Lifesight Migrates To GCP To Modernize Its Infrastructure Leveraging Google BigQuery And Google Kubernetes Engine
Lifesight partnered with Searce to move to Google Cloud Platform from a different cloud provider, modernizing infrastructure along the way and adopting serverless and managed Big Data services.
- Lifesight helps brands, agencies, and enterprises understand and measure real-world consumer behaviour
- Lifesight processes 4.6 billions of data points on an average day, covering 14 mn places of interest
Lifesight’s Agenda to use Google Cloud Platform (GCP) for Reducing the Average Query Processing Time
Lifesight wanted to adopt a data platform that supports building a Data Warehouse for external and internal use cases, running ad-hoc queries on data sitting in storage using a powerful querying engine, data transformation and cleaning in a faster and effective way using a spark or traditional MapReduce based pipeline. Through a Data Strategy workshop for assessing the Lifesight’s current data pipelines and other workloads, Searce proposed a set of optimizations that could be achieved through the Google Cloud Platform (GCP). Subsequently, a POC was performed to replicate 2 of the Lifesight’s pipelines with 3-months’ data of 40 TB on GCP and validated the performance. The average query processing time was reduced by 75% with BigQuery. As a result of this successful workshop, the Lifesight team realized the huge opportunity that lied in migrating and optimizing their data engineering workloads, and hence decided to move ahead with the help of the Searce team.

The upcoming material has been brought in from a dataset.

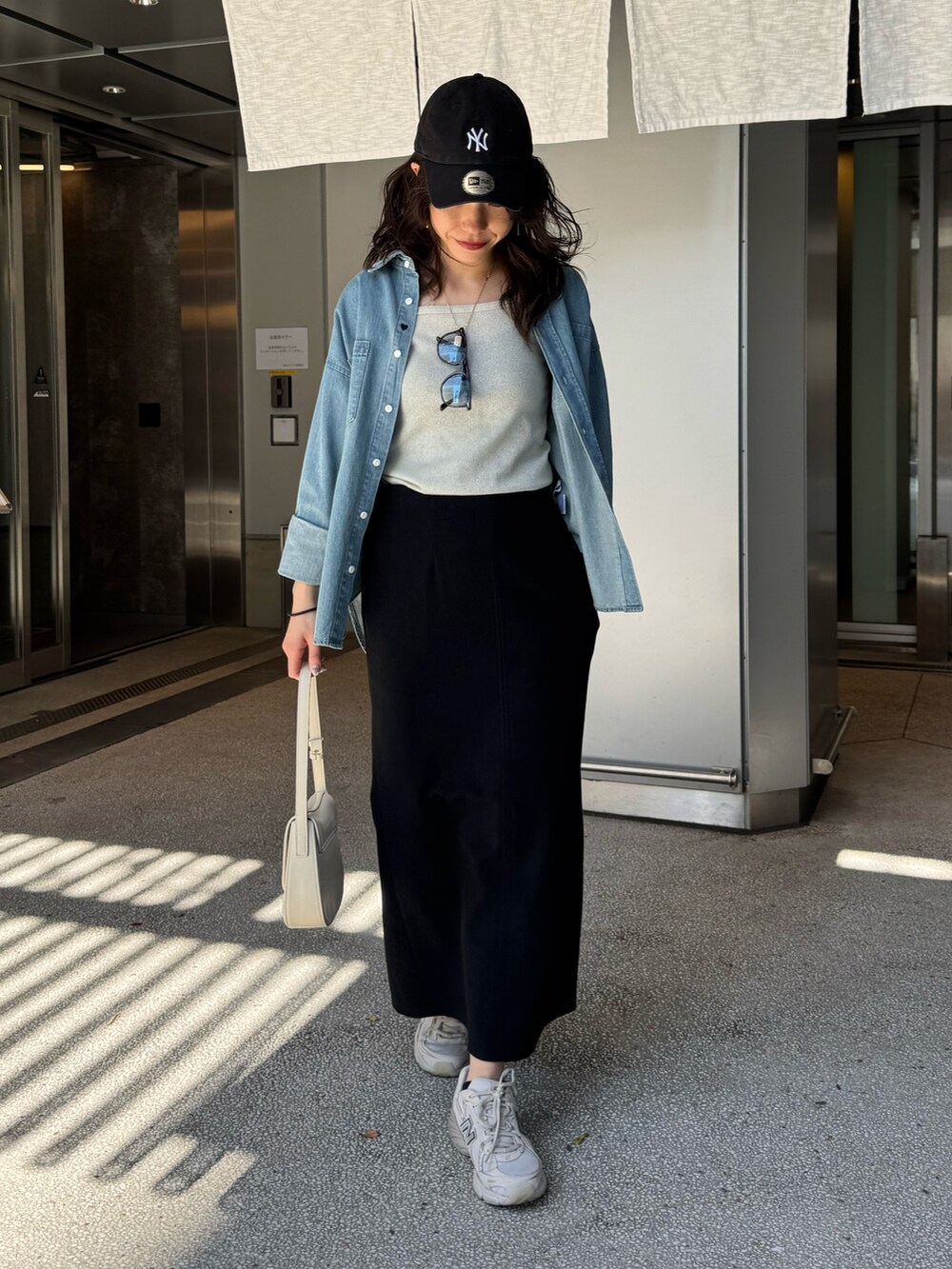 ブルー系のシャツ/ブラウス、ブルー系のスカート、ブラック系のショルダーバッグを着用したレディースの春コーディネートの4枚目の写真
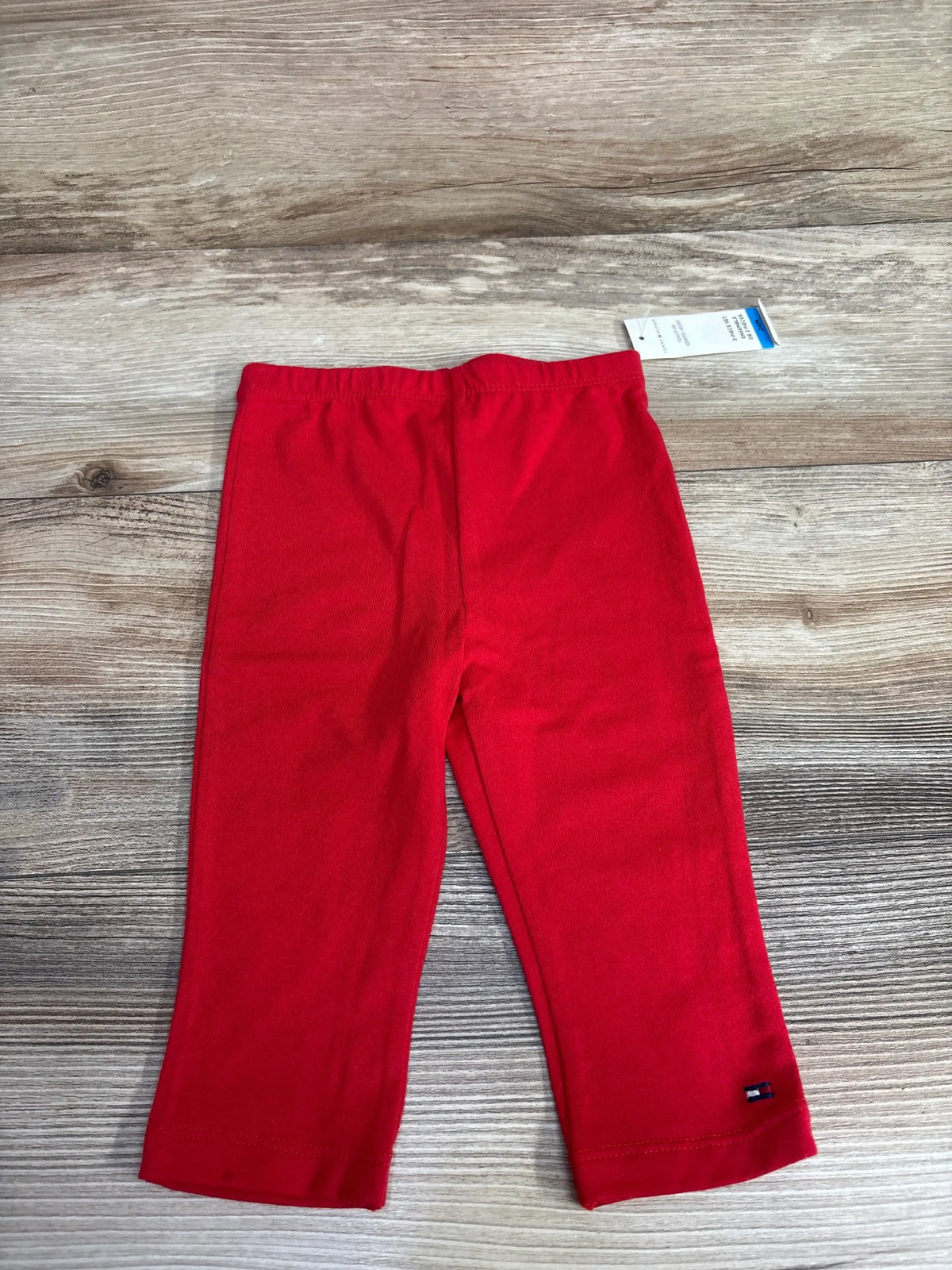 Bright red toddler pants with elastic waistband and small logo on leg, displayed on wooden floor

Lifesight’s Intention to Adopt a Data Platform
- Support in building a Data Warehouse for the company’s external and internal use cases
- Support data visualization via both traditional tools like Tableau / Power BI / Metabase / Superset and chart.js based implementation
- Support ad-hoc queries on current data sitting in storage using a powerful querying engine
- Support data transformation and cleaning in a faster and effective way using a spark or traditional MapReduce based pipeline
- Support querying of Geospatial data in a fast and effective manner as most of the data in the current system is Lat/Long based
Lifesight Data Engineering Platform Requirement to scale Analytical Data
Lifesight wanted a data engineering platform that was secure, durable, and highly scalable for its analytical data. The Searce team used BigQuery to build a data warehouse and migrate the EMR data processing frameworks to handle the analytical processing part. Additionally, the application stack was moved to GKE for seamless scalability and better usage of the underlying infrastructure. Simultaneously, all the corresponding services like S3, Route53, SES, ElasticSearch were migrated to the corresponding GCP alternatives.
Broadly, as a part of the migration process, the following tasks were performed:
- Built an auto-scale GKE platform cluster environment to host containerized applications identified during the workshop
- Defined/Implemented CI/CD on the new recommended platform using GCP services
- Migrated EMR Data Processing frameworks to BigQuery on the identified sources during the workshop
- Defined native schema using GCP services to integrate with the identified current application environment
- Migration of active data from MySQL, Aerospike, Elasticsearch, Kafka, Stored Data migration from S3 to GCS
- Setting up domain names similar to Route53, Implement Sendgrid/Mailchimp as SES alternative
The Business Impact of using BigQuery, GKE and serverless GCP services
- Robust Data Platform – With BigQuery as the Data Warehouse, Lifesight could now analyze Petabytes of data within a matter of minutes
- Easy Insights – Reduced complexity and the overall time to gain deeper insights
- Reduced Manageability – Through GKE, BigQuery and other serverless GCP services, the overhead operations were reduced to manage the data platform
- Better and Faster Query Time – The average query processing time was reduced by 75% due to BigQuery, and Ad Hoc queries could now be easily performed.